Education is a very important aspect of the lives of all people all over the world. What we learn, not just in the classroom, shapes who we are. We take our education everywhere we go. We use it when talking to our buddies about sports or music, we use it while solving a math problem, we use our education while debating with our family whether or not we should watch TV or go to the movies. Our education is the foundation of who we are, since every decision we make and every thought we think is dependent on what we know. Imagine how different the world would be if everyone craved learning to such a degree that at lunch tables all over the world the topic of conversation isn't who likes who, or how drunk someone got over the weekend, but it would be what books were read over the weekend, and what new ideas were thought of. This crave for learning would be an ideal but still suggests need for improvement with the current educational system. It seems that the problem with education is that somewhere along the lines the human race forgot (assuming they, at one point, understood how valuable information is) that learning is not just a mandatory process, but also an opportunity to transcend and open the gateway to a better understanding.

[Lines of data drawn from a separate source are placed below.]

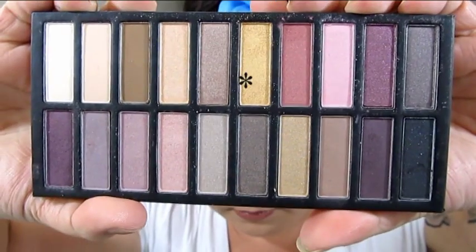Going back to my blending brush with no product on it and just blending out the top part. Then going back to this brush and just running it through the crease to connect the two sides. Now going in with our small flat shader brush.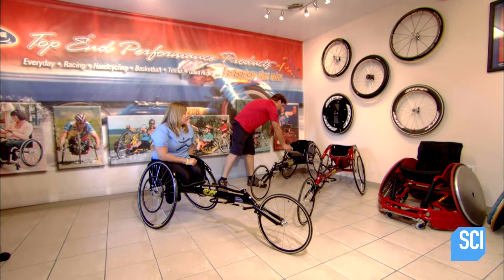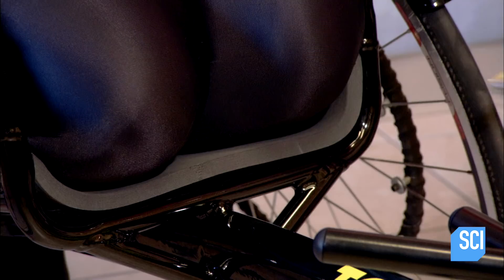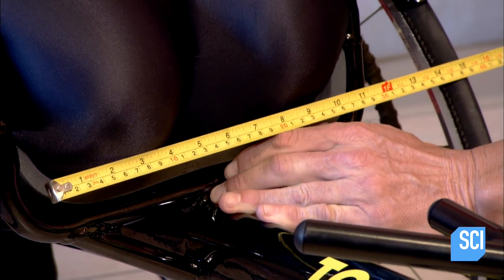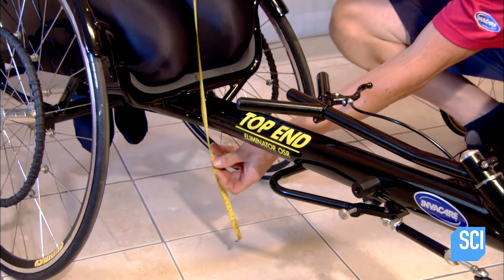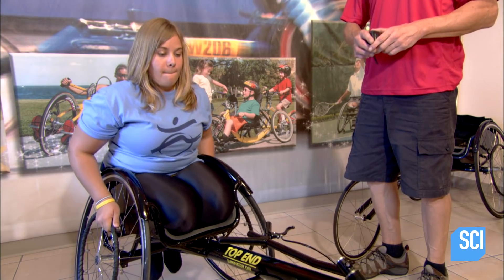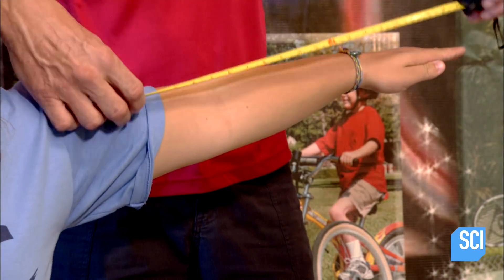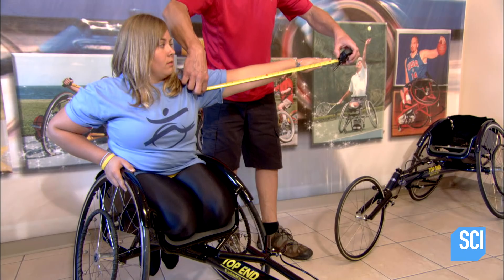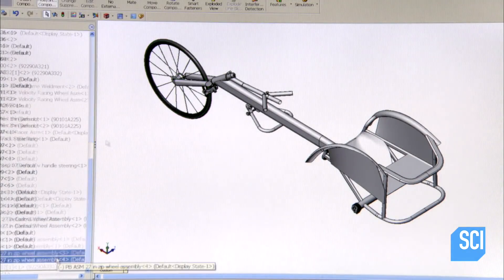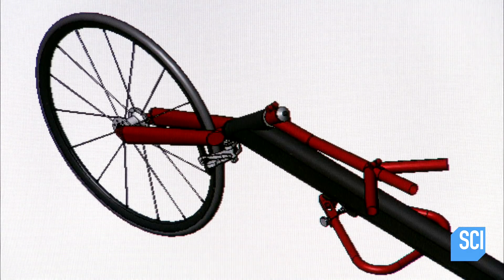They begin by taking detailed measurements of the athlete as she sits in a demo chair. They measure the width and height of her knees to determine the best seating position, check the balance point to decide how the rear wheel axle should be positioned, and measure her arms so push rims can be sized for her. They then produce a digital drawing of the racing wheelchair, complete with any extras requested by the athlete.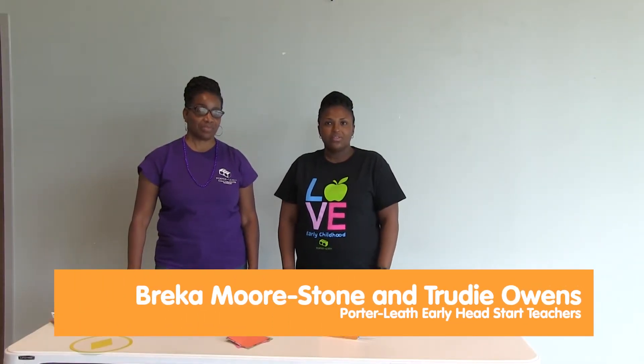Hi, I'm Ms. Bricka, an Early Head Start teacher here at Waterloo. My name is Trudy Ollenstein, a teacher here at Waterloo also.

At the beginning of one’s journey of gaining more knowledge, most children don’t mind school, for it is a change of environment for them. The majority of elementary school adolescents even enjoy school to some degree. As time wears on, we usually, and sadly, begin to see a change of heart. Children become fatigued from school and therefore don’t take pleasure in going anymore. Maybe their teachers didn’t teach them in the way that they learn most efficiently, or maybe students just become bored with the whole “school scene” itself. Whatever the case, it is apparent that by the time they reach high school, their interest for learning alone has died out.